▶ **WORK REQUEST**:
Take the data below and copy exactly the lines starting at the one with "Wicker Hamper Basket | Jali Fruit Basket" and finishing at the one with "Patagonia EUC Nano", both included.

□ □ □ □

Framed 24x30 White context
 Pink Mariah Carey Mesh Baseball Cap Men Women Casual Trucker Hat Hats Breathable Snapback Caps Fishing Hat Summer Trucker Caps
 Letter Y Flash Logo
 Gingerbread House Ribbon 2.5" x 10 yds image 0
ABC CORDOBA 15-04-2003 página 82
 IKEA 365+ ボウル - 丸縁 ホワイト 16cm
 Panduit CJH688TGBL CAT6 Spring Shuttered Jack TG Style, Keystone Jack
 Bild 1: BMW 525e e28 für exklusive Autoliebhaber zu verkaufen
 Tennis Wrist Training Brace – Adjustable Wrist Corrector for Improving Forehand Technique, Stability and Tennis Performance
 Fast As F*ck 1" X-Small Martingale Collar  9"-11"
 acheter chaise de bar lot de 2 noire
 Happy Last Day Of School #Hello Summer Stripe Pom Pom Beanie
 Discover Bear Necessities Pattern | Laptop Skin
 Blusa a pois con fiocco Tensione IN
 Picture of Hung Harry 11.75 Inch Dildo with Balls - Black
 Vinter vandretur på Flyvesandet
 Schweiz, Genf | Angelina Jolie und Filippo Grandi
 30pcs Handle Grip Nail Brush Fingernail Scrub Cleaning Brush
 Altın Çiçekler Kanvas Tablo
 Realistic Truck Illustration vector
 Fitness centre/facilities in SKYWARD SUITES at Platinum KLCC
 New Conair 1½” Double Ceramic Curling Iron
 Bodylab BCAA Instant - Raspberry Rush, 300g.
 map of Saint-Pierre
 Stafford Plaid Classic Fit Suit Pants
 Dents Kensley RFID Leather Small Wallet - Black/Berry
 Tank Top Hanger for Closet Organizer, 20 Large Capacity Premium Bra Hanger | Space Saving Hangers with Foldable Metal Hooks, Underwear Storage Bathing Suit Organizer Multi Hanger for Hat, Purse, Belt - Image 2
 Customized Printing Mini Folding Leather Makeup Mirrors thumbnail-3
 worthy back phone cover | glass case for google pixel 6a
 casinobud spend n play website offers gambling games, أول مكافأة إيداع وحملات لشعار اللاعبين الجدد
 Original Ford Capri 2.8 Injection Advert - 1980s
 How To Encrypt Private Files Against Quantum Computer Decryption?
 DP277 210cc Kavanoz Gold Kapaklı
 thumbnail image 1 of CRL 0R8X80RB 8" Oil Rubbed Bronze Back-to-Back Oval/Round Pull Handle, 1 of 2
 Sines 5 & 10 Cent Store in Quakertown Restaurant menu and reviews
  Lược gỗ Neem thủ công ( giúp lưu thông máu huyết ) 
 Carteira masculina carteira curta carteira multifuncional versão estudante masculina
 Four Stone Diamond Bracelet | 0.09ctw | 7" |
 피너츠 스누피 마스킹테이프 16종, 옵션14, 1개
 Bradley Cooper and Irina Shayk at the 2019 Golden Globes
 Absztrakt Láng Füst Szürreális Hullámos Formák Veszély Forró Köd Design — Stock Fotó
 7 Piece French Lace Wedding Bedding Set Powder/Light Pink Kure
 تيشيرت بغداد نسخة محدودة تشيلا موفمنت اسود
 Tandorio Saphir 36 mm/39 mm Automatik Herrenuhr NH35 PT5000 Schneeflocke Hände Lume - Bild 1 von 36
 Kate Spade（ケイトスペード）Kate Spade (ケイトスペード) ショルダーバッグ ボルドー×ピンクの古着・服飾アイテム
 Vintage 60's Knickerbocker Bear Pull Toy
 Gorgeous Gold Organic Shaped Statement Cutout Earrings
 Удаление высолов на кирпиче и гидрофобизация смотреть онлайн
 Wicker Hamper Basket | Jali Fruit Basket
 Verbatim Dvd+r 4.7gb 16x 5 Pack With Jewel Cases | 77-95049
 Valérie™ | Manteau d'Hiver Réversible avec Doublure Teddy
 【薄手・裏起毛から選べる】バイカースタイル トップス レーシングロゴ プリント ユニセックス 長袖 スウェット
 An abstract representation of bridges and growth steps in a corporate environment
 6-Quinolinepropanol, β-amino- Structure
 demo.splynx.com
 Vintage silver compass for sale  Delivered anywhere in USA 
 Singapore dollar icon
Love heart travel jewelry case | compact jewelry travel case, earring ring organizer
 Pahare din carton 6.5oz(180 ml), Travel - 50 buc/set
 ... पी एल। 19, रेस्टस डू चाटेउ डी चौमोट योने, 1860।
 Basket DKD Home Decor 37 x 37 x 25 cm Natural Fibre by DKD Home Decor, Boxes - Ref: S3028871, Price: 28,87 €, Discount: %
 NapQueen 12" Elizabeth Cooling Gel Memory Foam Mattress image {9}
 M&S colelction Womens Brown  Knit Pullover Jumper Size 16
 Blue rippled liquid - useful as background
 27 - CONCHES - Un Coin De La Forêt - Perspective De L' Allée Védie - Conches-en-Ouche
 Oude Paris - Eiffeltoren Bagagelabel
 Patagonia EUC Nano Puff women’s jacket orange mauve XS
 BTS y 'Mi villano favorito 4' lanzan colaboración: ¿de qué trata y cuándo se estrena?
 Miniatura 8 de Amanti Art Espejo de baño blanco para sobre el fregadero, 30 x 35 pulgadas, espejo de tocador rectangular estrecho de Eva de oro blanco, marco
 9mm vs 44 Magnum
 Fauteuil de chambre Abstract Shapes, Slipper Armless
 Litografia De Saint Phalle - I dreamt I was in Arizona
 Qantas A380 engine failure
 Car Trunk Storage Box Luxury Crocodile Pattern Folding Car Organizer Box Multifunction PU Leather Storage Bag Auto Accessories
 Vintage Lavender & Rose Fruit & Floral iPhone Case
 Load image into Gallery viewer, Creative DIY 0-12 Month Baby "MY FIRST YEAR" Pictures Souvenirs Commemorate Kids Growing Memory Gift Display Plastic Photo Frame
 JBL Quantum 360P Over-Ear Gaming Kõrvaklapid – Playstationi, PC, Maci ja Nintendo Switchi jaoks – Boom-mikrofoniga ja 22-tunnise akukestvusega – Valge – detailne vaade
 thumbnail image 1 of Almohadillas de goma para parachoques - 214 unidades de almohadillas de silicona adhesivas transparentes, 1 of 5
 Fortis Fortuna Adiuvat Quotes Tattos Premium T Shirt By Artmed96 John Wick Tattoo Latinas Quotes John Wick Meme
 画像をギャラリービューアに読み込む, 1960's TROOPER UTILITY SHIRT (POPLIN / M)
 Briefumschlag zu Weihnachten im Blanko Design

□ □ □ □

▶ **RESULT FOR THIS EXERCISE**:
 Wicker Hamper Basket | Jali Fruit Basket
 Verbatim Dvd+r 4.7gb 16x 5 Pack With Jewel Cases | 77-95049
 Valérie™ | Manteau d'Hiver Réversible avec Doublure Teddy
 【薄手・裏起毛から選べる】バイカースタイル トップス レーシングロゴ プリント ユニセックス 長袖 スウェット
 An abstract representation of bridges and growth steps in a corporate environment
 6-Quinolinepropanol, β-amino- Structure
 demo.splynx.com
 Vintage silver compass for sale  Delivered anywhere in USA 
 Singapore dollar icon
Love heart travel jewelry case | compact jewelry travel case, earring ring organizer
 Pahare din carton 6.5oz(180 ml), Travel - 50 buc/set
 ... पी एल। 19, रेस्टस डू चाटेउ डी चौमोट योने, 1860।
 Basket DKD Home Decor 37 x 37 x 25 cm Natural Fibre by DKD Home Decor, Boxes - Ref: S3028871, Price: 28,87 €, Discount: %
 NapQueen 12" Elizabeth Cooling Gel Memory Foam Mattress image {9}
 M&S colelction Womens Brown  Knit Pullover Jumper Size 16
 Blue rippled liquid - useful as background
 27 - CONCHES - Un Coin De La Forêt - Perspective De L' Allée Védie - Conches-en-Ouche
 Oude Paris - Eiffeltoren Bagagelabel
 Patagonia EUC Nano Puff women’s jacket orange mauve XS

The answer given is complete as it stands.